Yesterday, I found a feature that's even greater than the above-mentioned one: time scale set to '64, 1/4' in combination with micro timing!! (and I'm not that poly-rhythm kind of musician..)
Before elektron, I preferred to use 16 bar loops. In my opinion, 16 bars are the perfect unit to structure electronic music, e.g., 1x (or 2x, but that doesn't make much difference here) 16 bars intro, 1x 16 bars theme1, 1x 16 bars some more action, 1x 16 bars theme2 etc. with some cymbal hit in the beginning of every 16 bars and some BD/SD variation in the end. With the elektrons, I switched down to their 4 bars. This seemed quite restrictive to me. Sometimes I tried to go back to 16 bars via pattern chaining, but that's not the same (for instance, because you can't easily copy&paste between different patterns during playback and need a large amount of patterns).
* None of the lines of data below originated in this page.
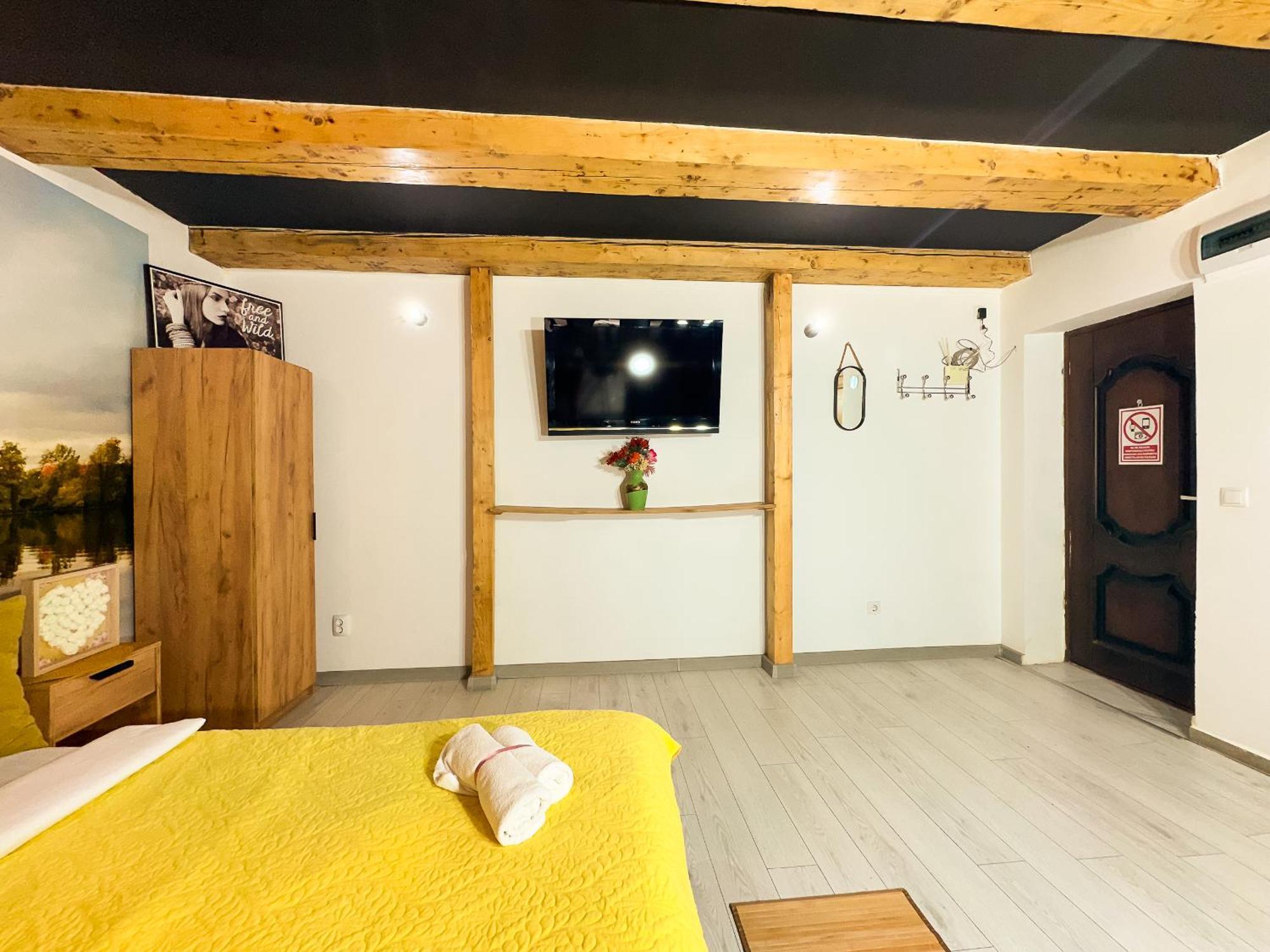 Venus Central Lux Studio 크라이오바 외부 사진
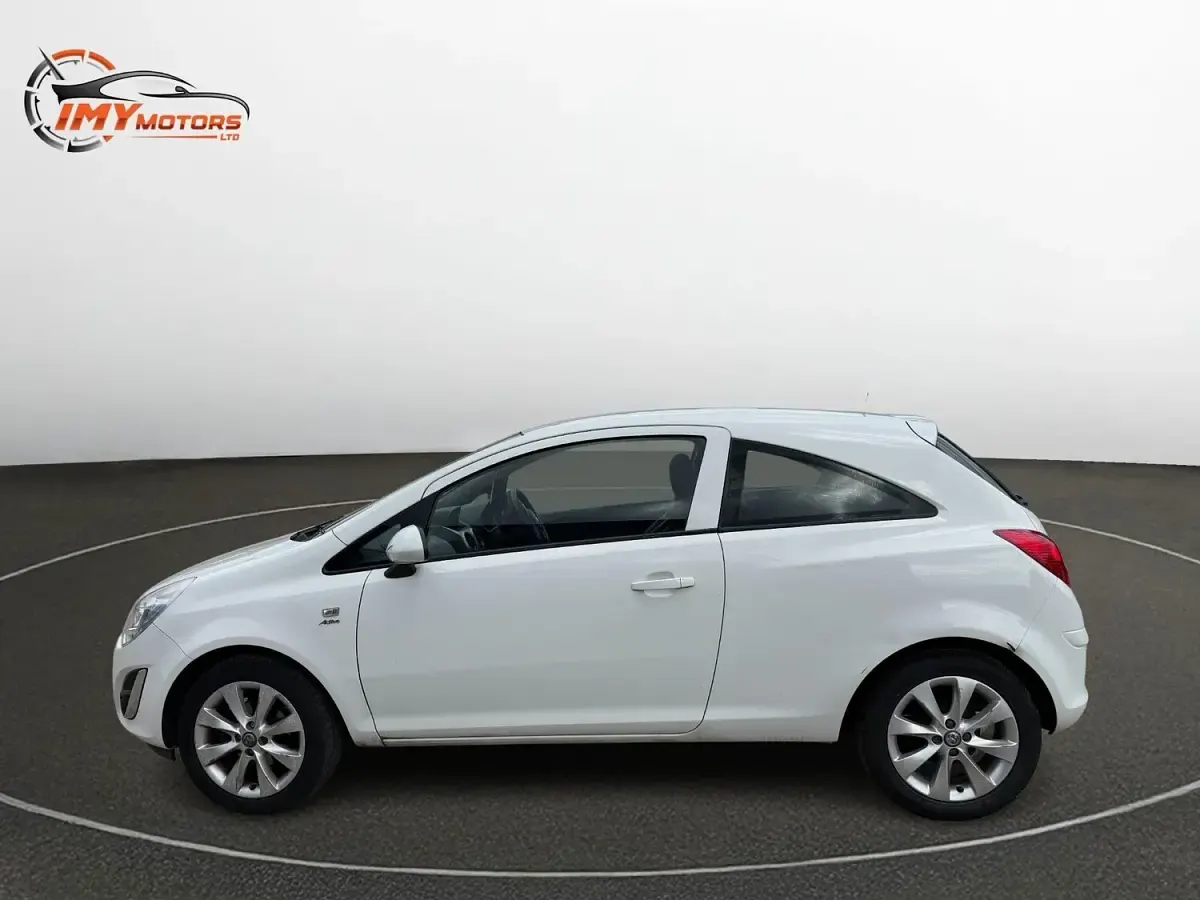 Used Vauxhall Corsa Active 85 HP (62 kW) 2012 White Hatchback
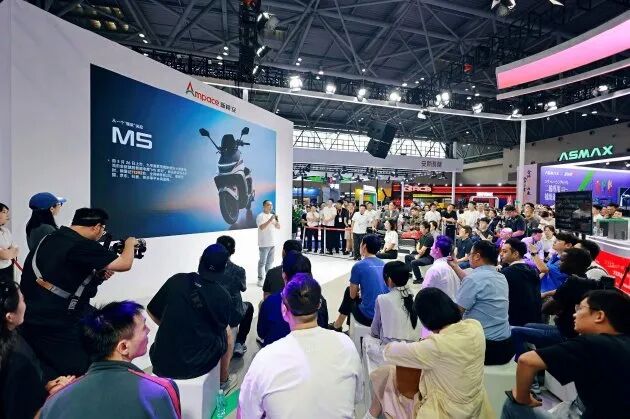 上市即爆款九号M5智能电摩销量破3万惊艳亮相中国摩博会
Now with that '64, 1/4' time scale, patterns can have a length of 16 bars WITHOUT losing any rhythmic details thanks to micro timing and maybe some retrig p-locks! Imagine a chain of 4 patterns that have a length of 16 bars each and a bank with 4 of those chains. That's really a lot of space for variations! (easily enough for a complete track, where you can even record all automations)
And if you need one track with some very crazy weird rhythm, e.g., percussions or a melody, you can set this one track to the usual speed of a '1/1' time scale thanks to individual time scales.
NICE
This feature might be interesting for anybody trying to build full tracks on the OT.